Data to examine:
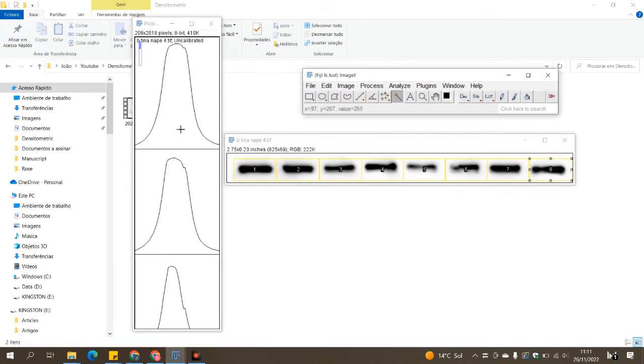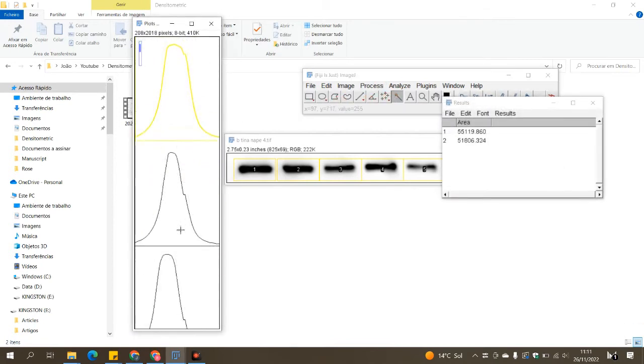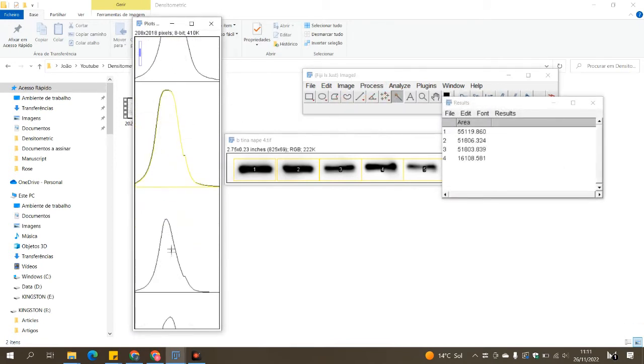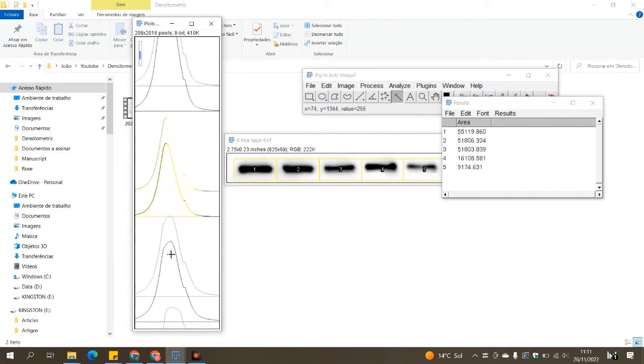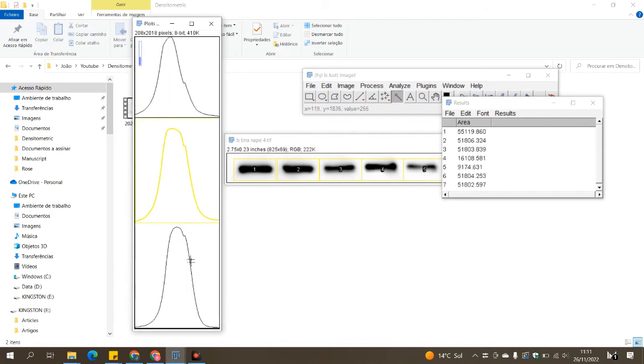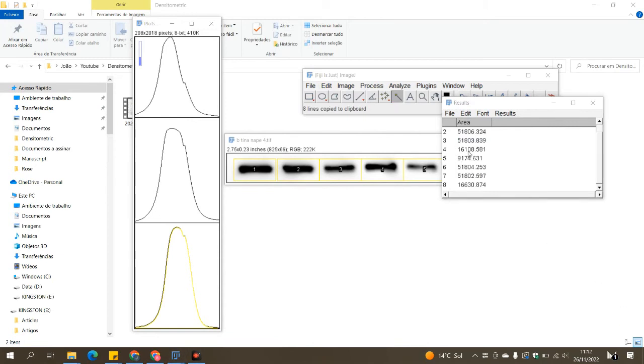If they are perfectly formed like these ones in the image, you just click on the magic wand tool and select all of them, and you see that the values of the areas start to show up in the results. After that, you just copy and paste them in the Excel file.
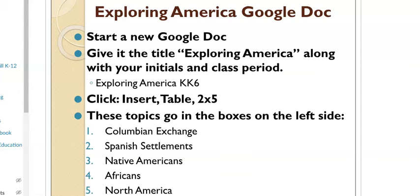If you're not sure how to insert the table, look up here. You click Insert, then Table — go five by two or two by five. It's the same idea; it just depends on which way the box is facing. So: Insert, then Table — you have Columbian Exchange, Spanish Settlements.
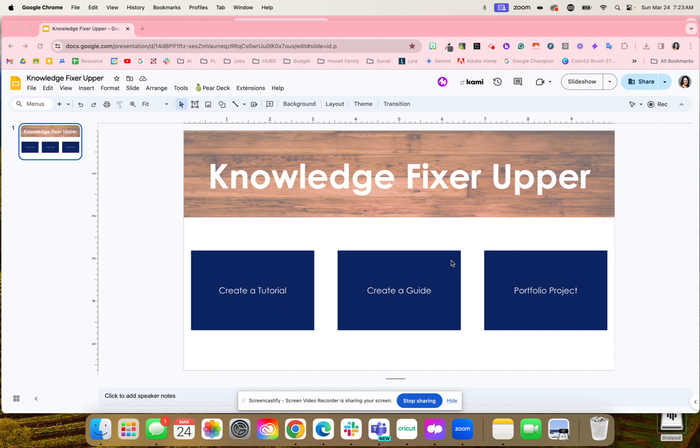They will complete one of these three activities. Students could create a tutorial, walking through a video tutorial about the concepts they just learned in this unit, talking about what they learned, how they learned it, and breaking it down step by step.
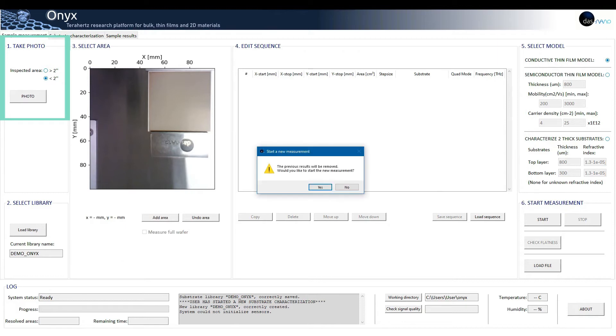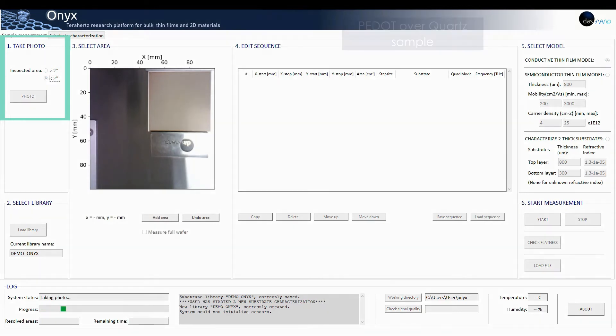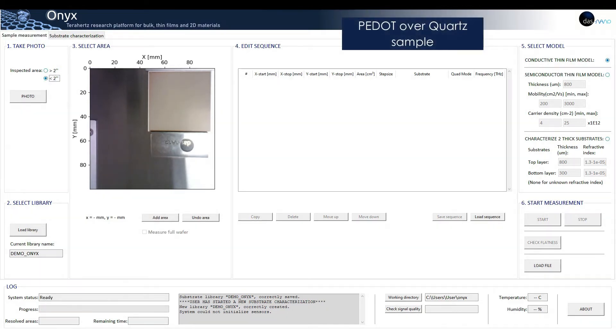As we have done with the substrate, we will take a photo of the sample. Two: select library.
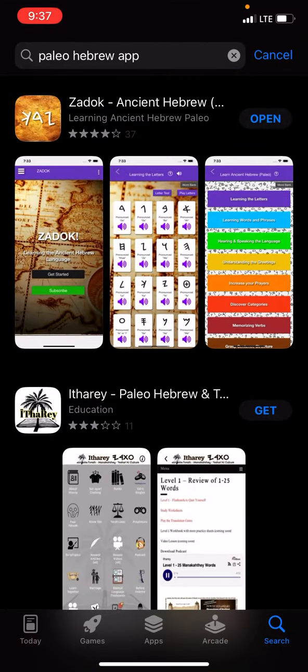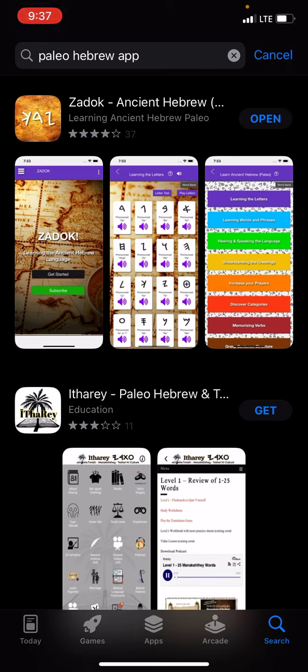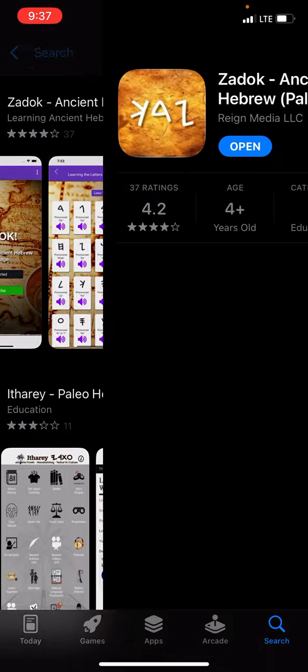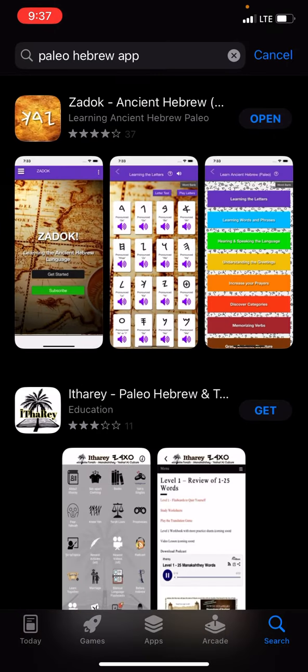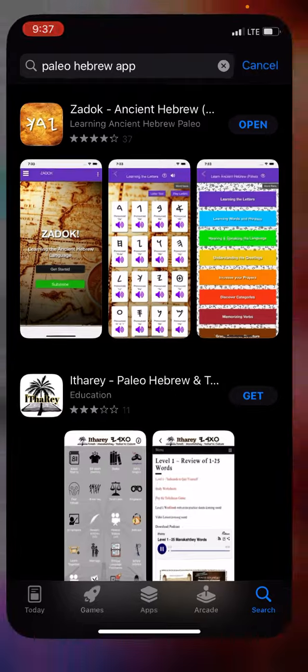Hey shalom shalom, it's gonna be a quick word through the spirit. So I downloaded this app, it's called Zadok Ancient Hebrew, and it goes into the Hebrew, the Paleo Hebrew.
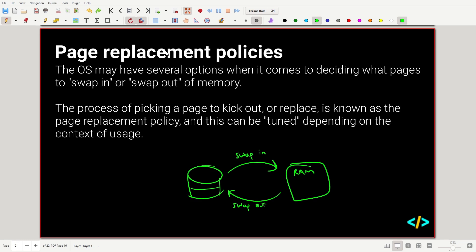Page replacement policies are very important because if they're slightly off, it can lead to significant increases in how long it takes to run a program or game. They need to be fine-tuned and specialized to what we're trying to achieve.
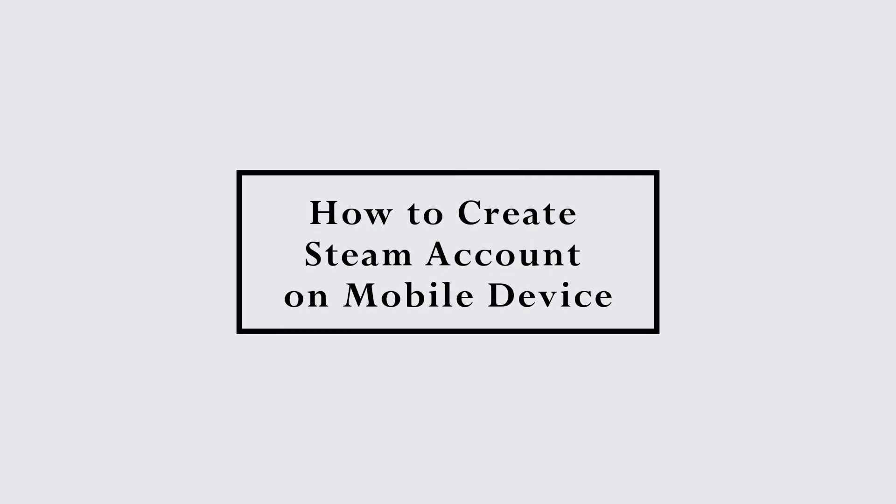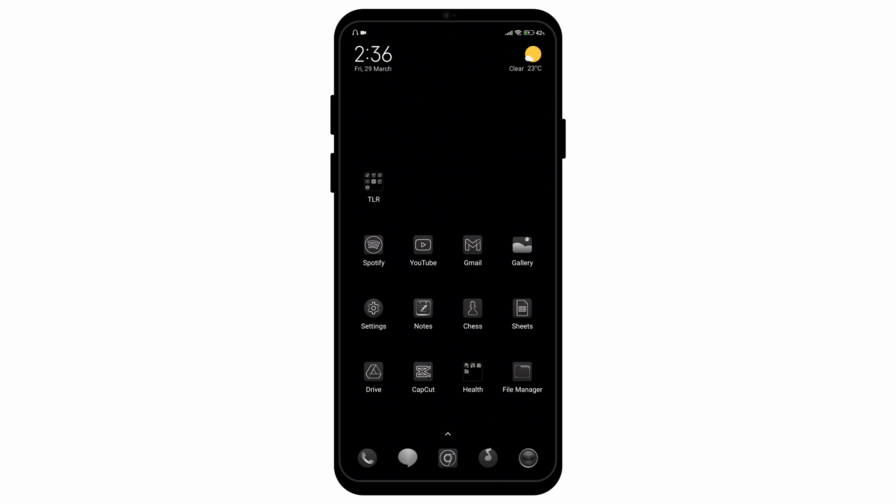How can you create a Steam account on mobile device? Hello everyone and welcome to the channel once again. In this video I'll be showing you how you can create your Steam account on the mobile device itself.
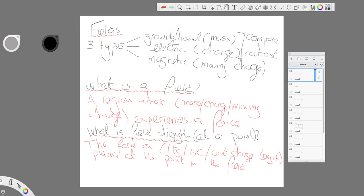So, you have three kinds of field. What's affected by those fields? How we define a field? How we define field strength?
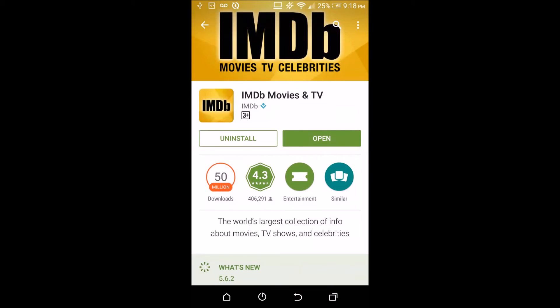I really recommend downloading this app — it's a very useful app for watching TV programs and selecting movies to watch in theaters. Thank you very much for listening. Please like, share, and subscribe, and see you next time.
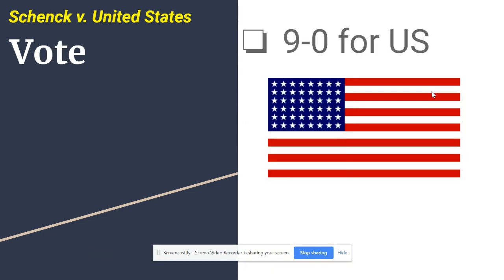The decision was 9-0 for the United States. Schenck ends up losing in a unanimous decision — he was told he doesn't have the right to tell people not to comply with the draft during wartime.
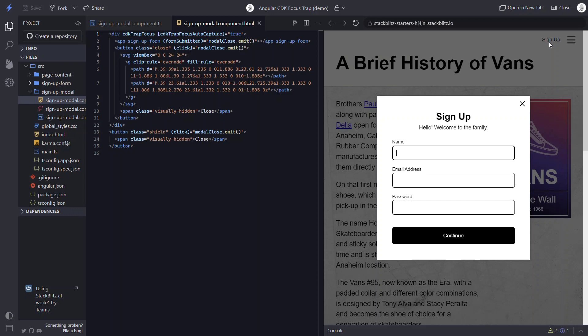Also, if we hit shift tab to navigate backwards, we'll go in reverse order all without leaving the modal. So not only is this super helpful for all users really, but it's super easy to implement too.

Exercise description:
Return each record above as it stands. Pictures stay out.

Completed task:
If they are perfectly formed like these ones in the image, you just click on the magic wand tool and select all of them, and you see that the values of the areas start to show up in the results. After that, you just copy and paste them in the Excel file.
If you're not sure how to insert the table, look up here. You click Insert, then Table — go five by two or two by five. It's the same idea; it just depends on which way the box is facing. So: Insert, then Table — you have Columbian Exchange, Spanish Settlements.
They will complete one of these three activities. Students could create a tutorial, walking through a video tutorial about the concepts they just learned in this unit, talking about what they learned, how they learned it, and breaking it down step by step.
As we have done with the substrate, we will take a photo of the sample. Two: select library.
Hey shalom shalom, it's gonna be a quick word through the spirit. So I downloaded this app, it's called Zadok Ancient Hebrew, and it goes into the Hebrew, the Paleo Hebrew.
Page replacement policies are very important because if they're slightly off, it can lead to significant increases in how long it takes to run a program or game. They need to be fine-tuned and specialized to what we're trying to achieve.
How can you create a Steam account on mobile device? Hello everyone and welcome to the channel once again. In this video I'll be showing you how you can create your Steam account on the mobile device itself.
So, you have three kinds of field. What's affected by those fields? How we define a field? How we define field strength?
I really recommend downloading this app — it's a very useful app for watching TV programs and selecting movies to watch in theaters. Thank you very much for listening. Please like, share, and subscribe, and see you next time.
The decision was 9-0 for the United States. Schenck ends up losing in a unanimous decision — he was told he doesn't have the right to tell people not to comply with the draft during wartime.
Also, if we hit shift tab to navigate backwards, we'll go in reverse order all without leaving the modal. So not only is this super helpful for all users really, but it's super easy to implement too.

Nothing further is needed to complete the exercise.